Aberrant Promoter Hypermethylation of RASSF Family Members in Merkel Cell Carcinoma.

Merkel cell carcinoma (MCC) is one of the most aggressive cancers of the skin. RASSFs are a family of tumor suppressors that are frequently inactivated by promoter hypermethylation in various cancers. We studied CpG island promoter hypermethylation in MCC of RASSF2, RASSF5A, RASSF5C and RASSF10 by combined bisulfite restriction analysis (COBRA) in MCC samples and control tissue. We found RASSF2 to be methylated in three out of 43 (7%), RASSF5A in 17 out of 39 (44%, but also 43% in normal tissue), RASSF5C in two out of 26 (8%) and RASSF10 in 19 out of 84 (23%) of the cancer samples. No correlation between the methylation status of the analyzed RASSFs or between RASSF methylation and MCC characteristics (primary versus metastatic, Merkel cell polyoma virus infection, age, sex) was found. Our results show that RASSF2, RASSF5C and RASSF10 are aberrantly hypermethylated in MCC to a varying degree and this might contribute to Merkel cell carcinogenesis.

The SARAH Domain of RASSF1A and Its Tumor Suppressor Function.

The Ras association domain family 1A (RASSF1A) tumor suppressor encodes a Sav-RASSF-Hpo domain (SARAH), which is an interaction domain characterized by hWW45 (dSAV) and MST1/2 (dHpo). In our study, the interaction between RASSF1A and RASSF1C with MST1 and MST2 was demonstrated and it was shown that this interaction depends on the SARAH domain. SARAH domain-deleted RASSF1A had a similar growth-reducing effect as full-length RASSF1A and inhibited anchorage independent growth of the lung cancer cell lines A549 significantly.

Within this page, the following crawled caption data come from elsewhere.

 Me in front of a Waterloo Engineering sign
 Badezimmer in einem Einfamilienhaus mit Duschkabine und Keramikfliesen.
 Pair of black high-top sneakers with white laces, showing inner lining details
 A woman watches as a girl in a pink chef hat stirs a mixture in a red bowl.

In cancer cells expressing the SARAH deleted form of RASSF1A, reduced mitotic rates (P = 0.001) with abnormal metaphases (P < 0.001) were observed and a significantly increased rate of apoptosis was found (P = 0.006) compared to full-length RASSF1A. Although the association with microtubules and their stabilization was unaffected, mitotic spindle formation was altered by deletion of the SARAH domain of RASSF1A. In summary, our results suggest that the SARAH domain plays an important role in regulating the function of RASSF1A.

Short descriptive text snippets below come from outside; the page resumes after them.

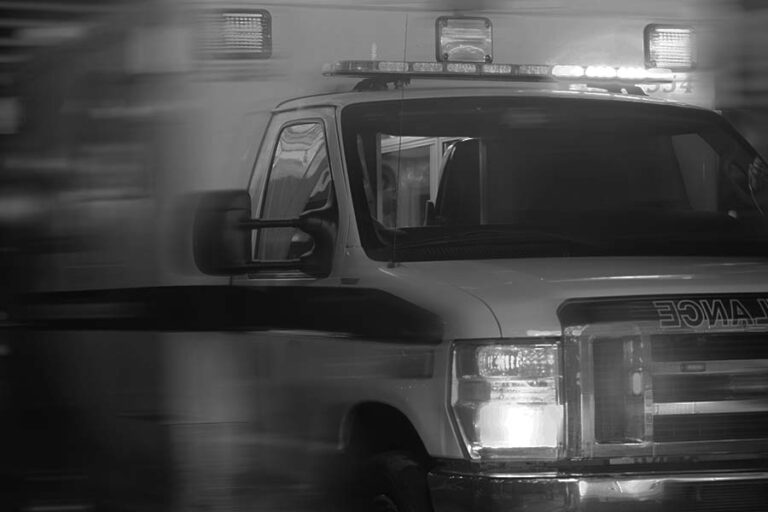 Black and white image of an ambulance with flashing lights in motion, viewed from the side.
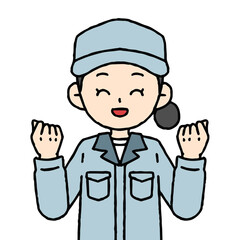 作業着を着た女性がガッツポーズをしている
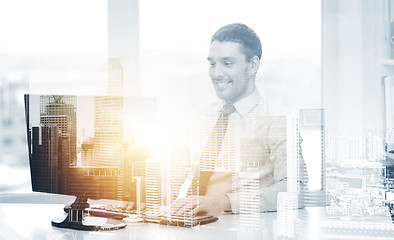 Image showing smiling businessman with computer at office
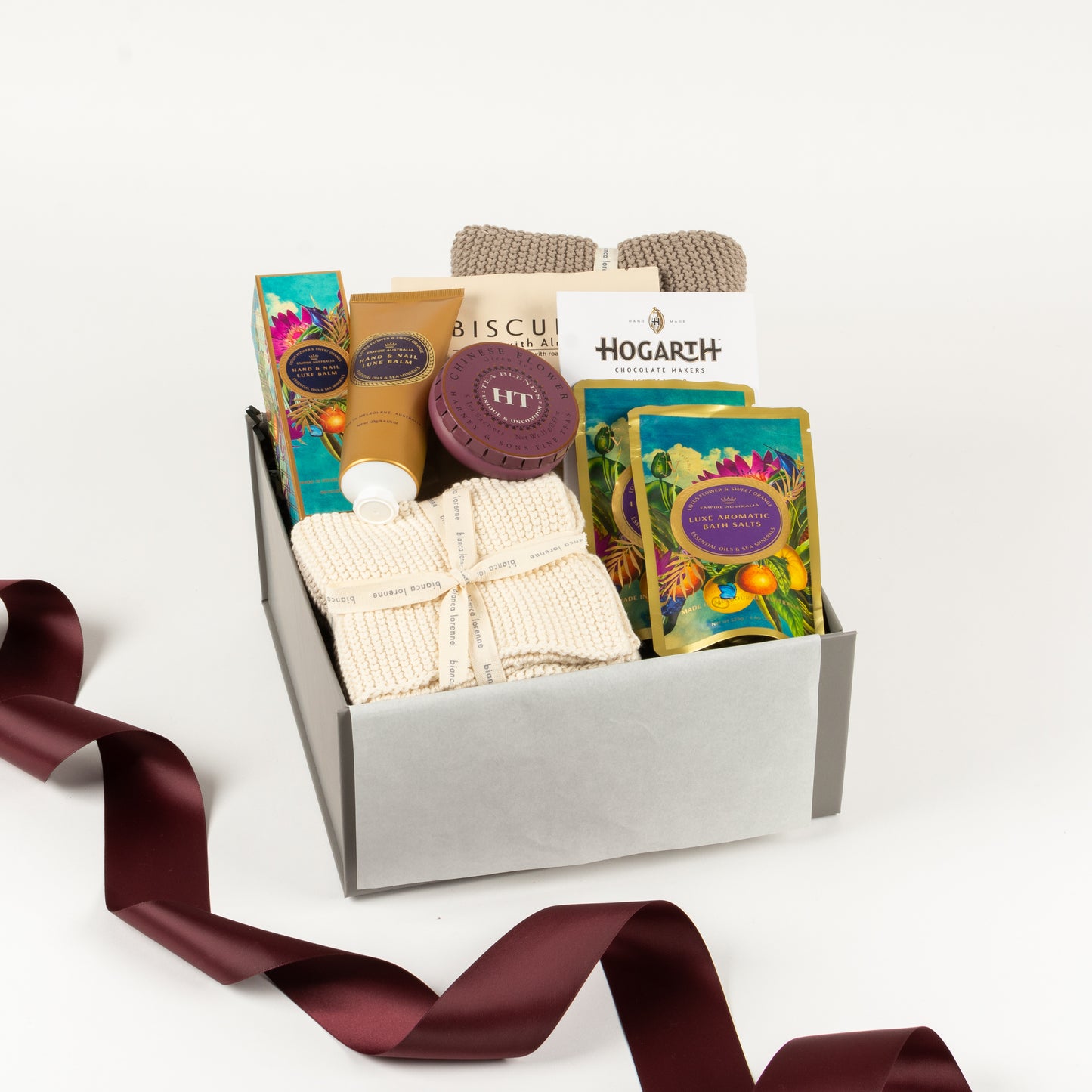 Spoil Her - Gift Boxes NZ - Gifts of Distinction. Featured in this gift box are a set of cotton washers and cotton towel, 2 bath salts, hand cream, tea by Harney and sons, almond biscuits and craft chocolate.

RASSF10 promoter hypermethylation is frequent in malignant melanoma of the skin but uncommon in nevus cell nevi.

The Ras association domain family (RASSF) consists of several tumor suppressor genes, which are frequently silenced in human cancers. We analyzed the epigenetic inactivation of RASSF2 and RASSF10 in malignant melanoma (MM) of the skin, including 5 MM cell lines, 28 primary MM, 33 metastases of MM, 47 nevus cell nevi (NCN), and 22 control tissues. The RASSF2 promoter was epigenetically downregulated in two MM cell lines only, but not in any of the investigated tumor samples. In contrast, hypermethylation of the RASSF10 promoter was found in all investigated cell lines, 19/28 (68%) of the primary MM and 30/33 (91%) of the MM metastases, 2/18 (11%) of the dysplastic NCN, and 0/29 (0%) of the non-dysplastic NCN (difference between MM and all nevi, P<0.001). RASSF10 promoter hypermethylation correlated with a reduced RASSF10 mRNA expression in 3/4 MM cell lines, and treatment with a DNA methylation inhibitor reactivated RASSF10 transcription. Furthermore, immunohistological RASSF10 expression corresponds negatively to its promoter methylation state. In summary, RASSF10 proved to be a characteristically epigenetically silenced tumor suppressor in melanomagenesis, and analysis of RASSF10 methylation status represents a new candidate tool to assist in discrimination between MM and NCN.